Human-in-the-loop (HITL) and human-on-the-loop (HOTL) refer to two different approaches to the integration of human decision-making in automated systems.
In a human-in-the-loop (HITL) system, humans are actively involved in the decision-making process and are able to intervene and make decisions in real time as needed. This approach is often used in systems where there is a high level of uncertainty or complexity, and where the system needs to be able to adapt and respond to changing conditions in real time. Human-in-the-loop (HITL) examples include:
- An air traffic control system, in which human controllers are responsible for making real-time decisions about the movement and routing of aircraft based on input from automated systems.
- A self-driving car, in which a human driver is able to intervene and take control of the car if necessary.
- A medical diagnosis system, in which a human doctor is able to review and modify the diagnosis made by an automated system based on additional input and knowledge.
In a human-on-the-loop (HOTL) system, humans are not actively involved in the decision-making process but are able to review and override decisions made by the system as needed. This approach is often used in systems where there is a lower level of uncertainty or complexity, and where the system is able to make decisions based on predetermined criteria or rules.
Overall, the main difference between human-in-the-loop and human-on-the-loop systems is the degree to which humans are involved in the decision-making process. In HITL systems, humans are actively involved in making decisions in real-time, while in HOTL systems, humans are able to review and override decisions made by the system, but are not actively involved in the decision-making process. Some human-on-the-loop (HOTL) examples are:
- An automated trading system, in which human traders are able to review and override trades made by the system based on predetermined criteria.
- A machine learning system, in which human experts are able to review and modify the decisions made by the system based on additional input and knowledge.

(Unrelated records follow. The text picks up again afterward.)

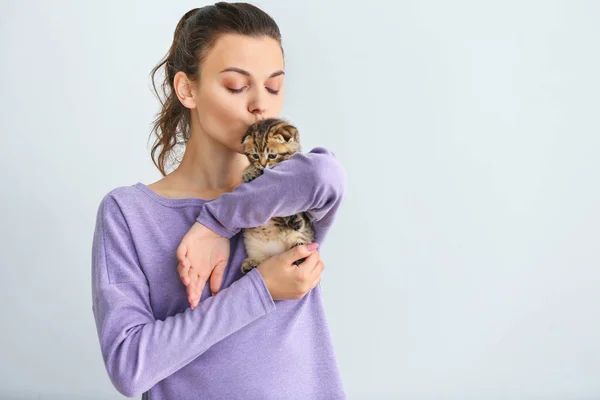 Beautiful young woman with cute little kitten on light background — Stock Photo, Image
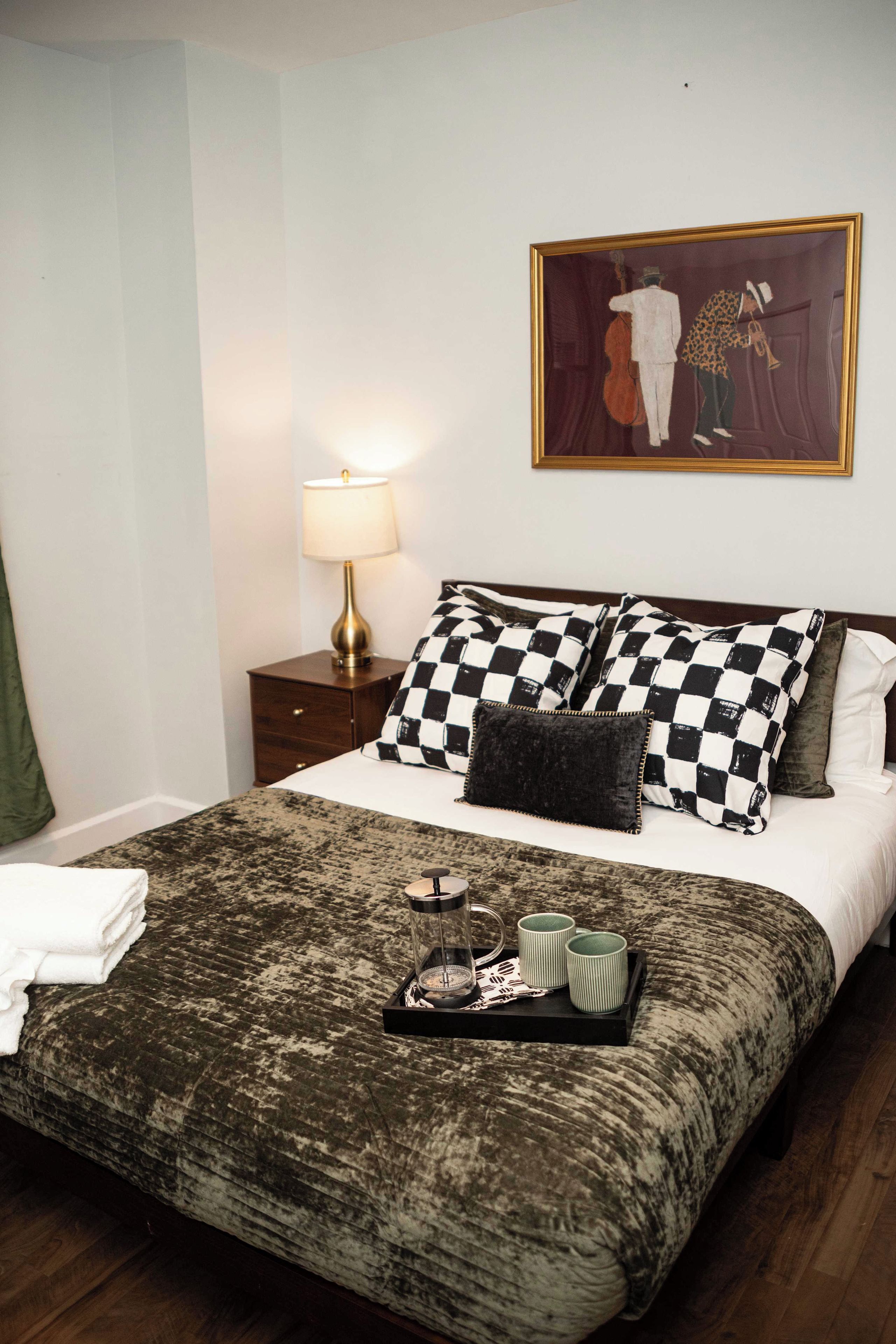 A hotel room with a bed, a nightstand, a lamp, a painting, and a tray with a compass and mugs.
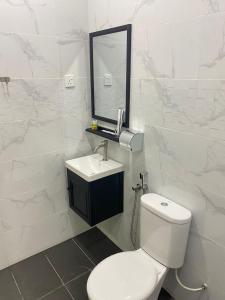 bagno con servizi igienici, lavandino e specchio di 3 Single Bed with Private Bathroom a Kuala Perlis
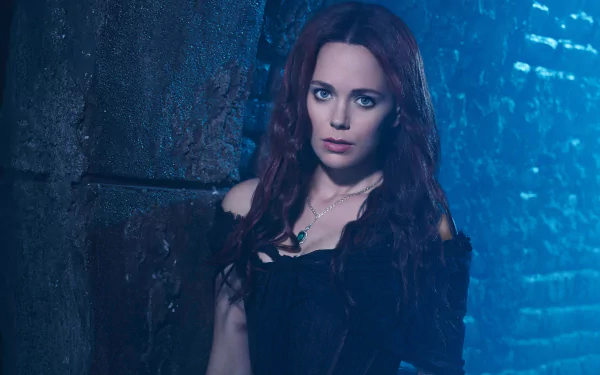 Brunette actress Katia Winter poses against a dark textured wall in this 4K Ultra HD PC desktop wallpaper and background.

- An autonomous drone, in which a human operator is able to review and override the decisions made by the drone based on predetermined criteria.

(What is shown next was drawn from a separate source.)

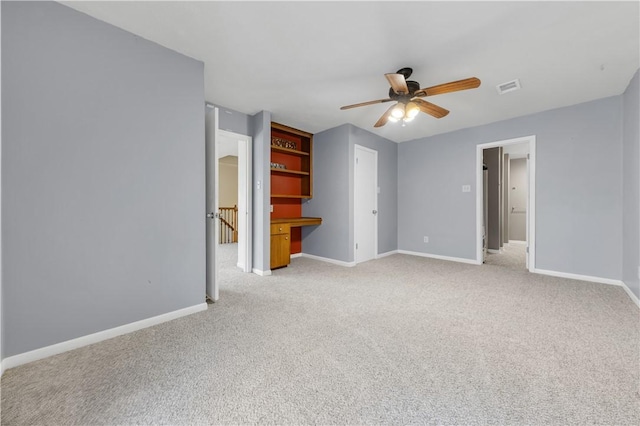 1205 King Arthur Cir, College Station, TX 77840 - empty room featuring carpet floors, a ceiling fan, and baseboards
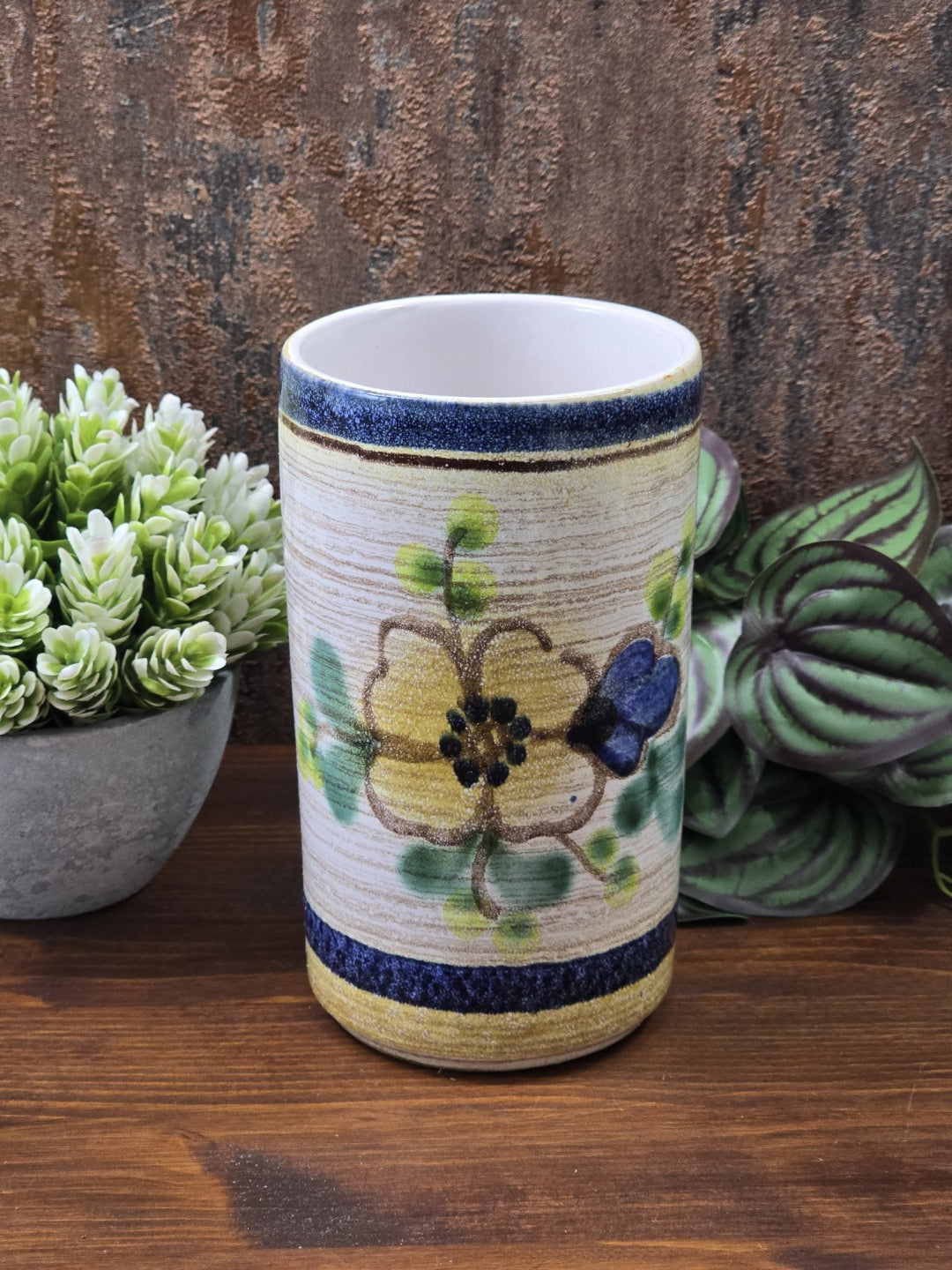Vintage Keramikvase mit gelber Blüte, blauer Blume und grünen Blättern, seitlich vor dekorativen Zimmerpflanzen fotografiert.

10. What can I do to transform an Autonomous network (AN) into an Autonomous System (AS)?
An autonomous system is a single, self-contained system that is able to operate independently. It is understandable that solution engineers will like to see a network of multiple devices/systems operate as one. This is perhaps a means to ensure better mandates of governance and goals where multi-vendor systems, different standards, and different levels of automation exist in a network… amongst other concerns.
I think that transforming AN into AS would be more than transforming the network to become a single, self-contained unit capable to be operable, altogether, independently. This challenge will require a high and deep degree of integration of the various aspects of the network, perhaps an ambition that requires a high degree of maturity in standards across the realms of communication technology (CT), information technology (IT), and operations technology (OT), as well as robust integration prowess.

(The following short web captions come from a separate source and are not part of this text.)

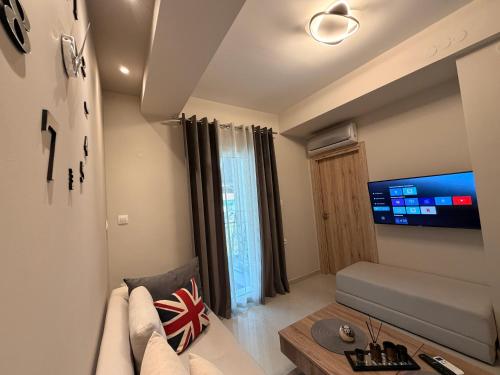 a living room with a couch and a tv at Aggelos Room 1 in Volos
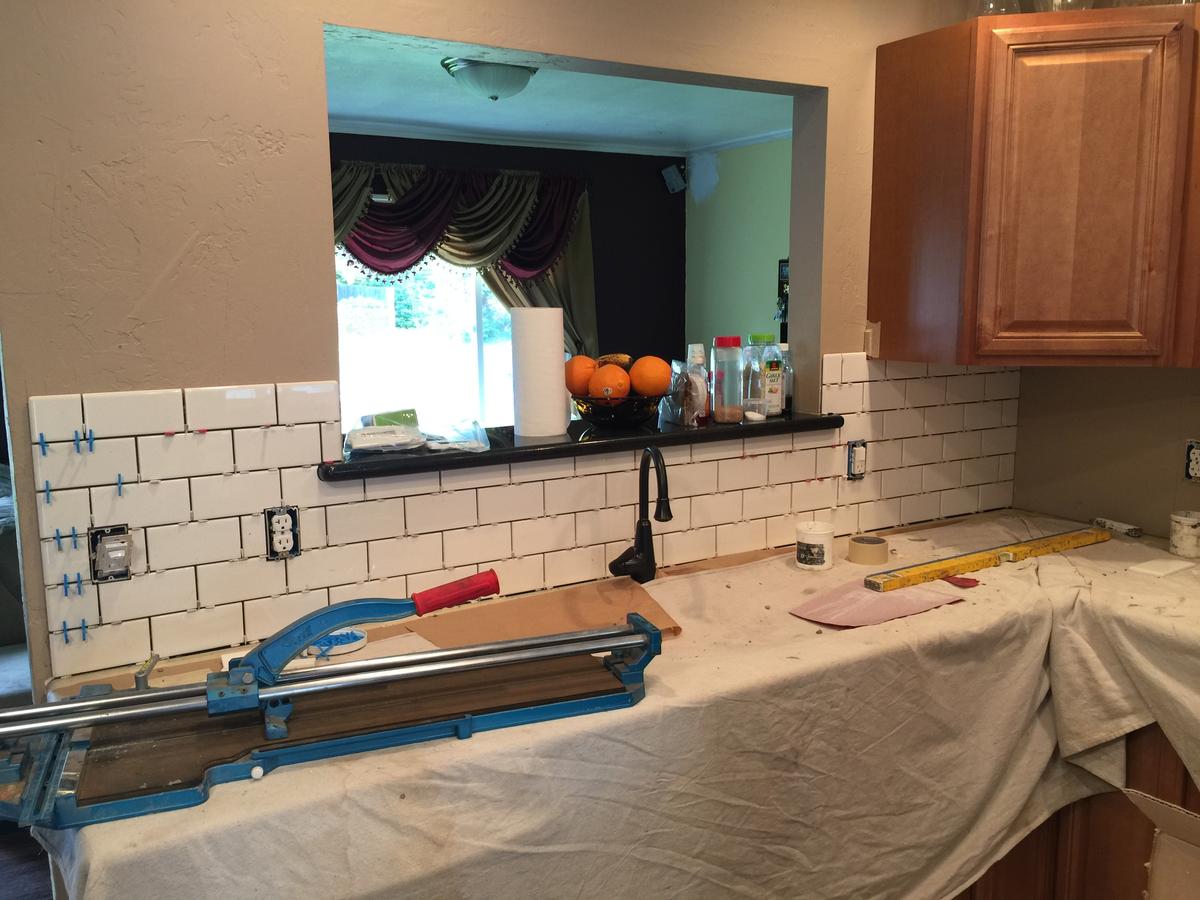 Subway tile backsplash being installed during a Portland kitchen remodel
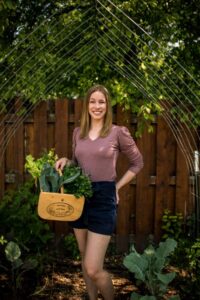 Photo of our speaker,  Nicole Jagelieski., standing in a garden holding a basket.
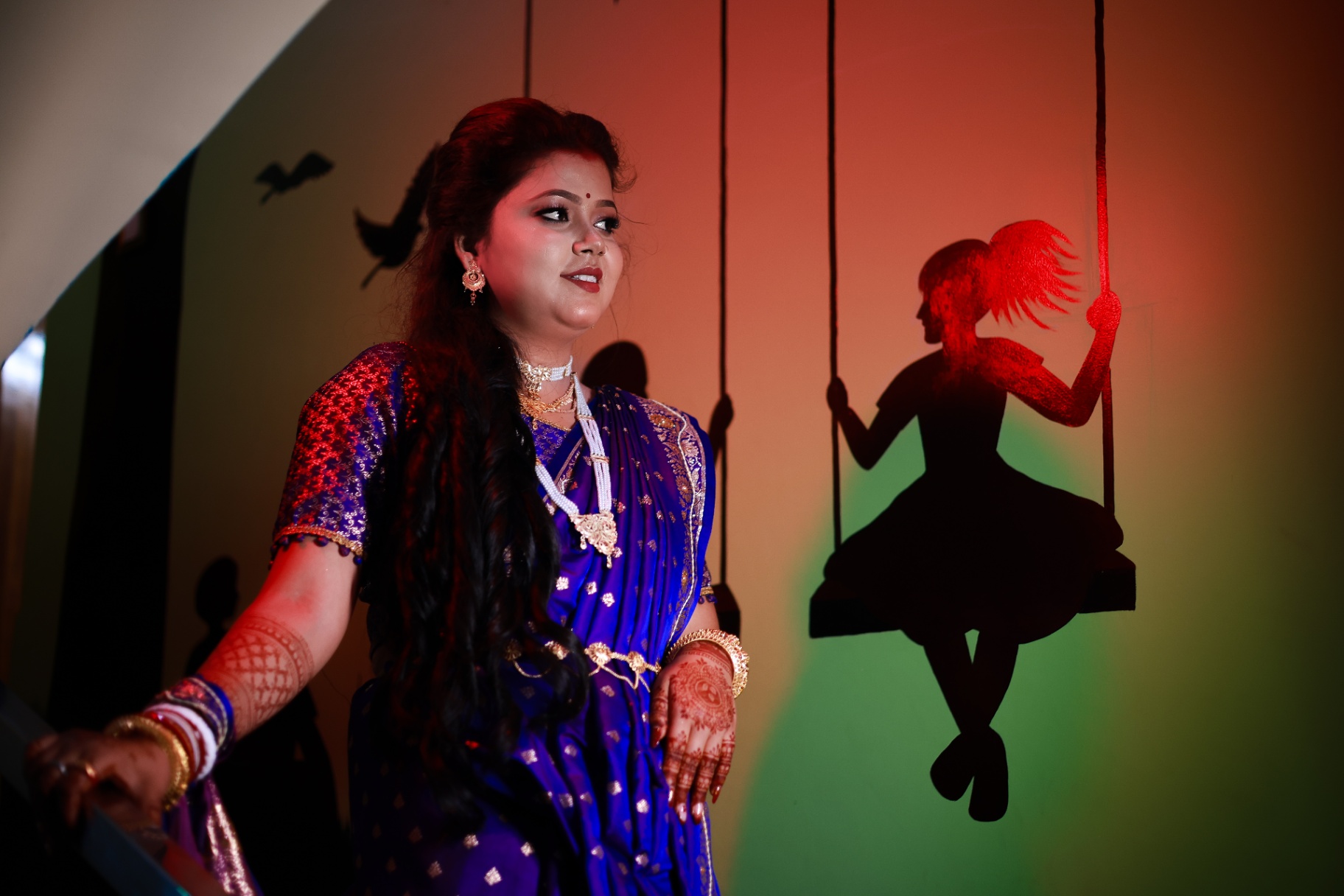 Bride in blue saree with dramatic wall art
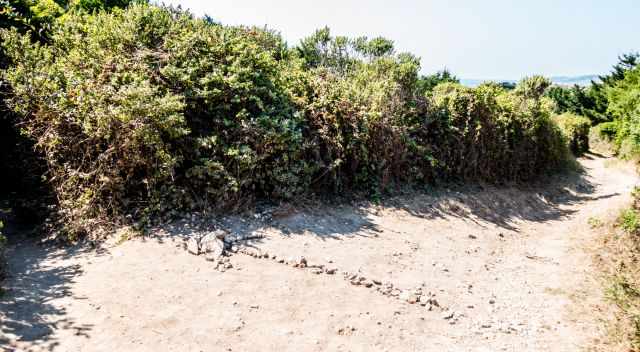 An arrow made with pebbles marks the shortcut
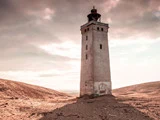 Et højt, forvitret fyrtårn står alene på sandet, gold jord under en overskyet himmel med blødt sollys.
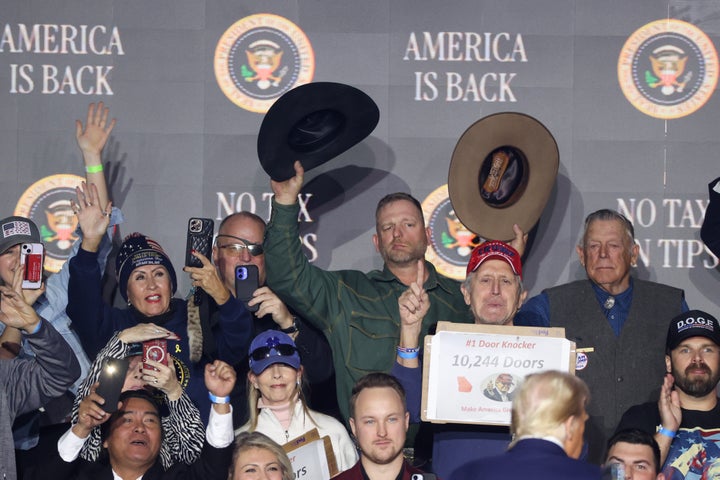 Stewart Rhodes (eye patch), Ryan Bundy (green shirt) and Cliven Bundy (gray vest) react Saturday after President Donald Trump spoke at a rally at Circa Resort & Casino in Las Vegas. The event focused on Trump’s first week in office.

A typical communications service provider is applying CT, IT, and OT capabilities across its network to realize full operations. Therefore, the transformation of the communication service provider’s network – AN to be like an AS will require a high level of integration cohesiveness to achieve this.
It’s a transformation journey with a number of different approaches, assuming that it is clear what the specific characteristics and requirements for such a network are going to be. I envisage that journey to include:
- Massive need to consolidate the various components and devices that make up the network into a single, cohesive, and working system;
- Re-engineering network systems and designing them to make them more self-contained and autonomous; as well as
- Implementing automation and self-adaptation technologies that will enable the different systems to operate and adapt both independently, and collectively together for setting goals.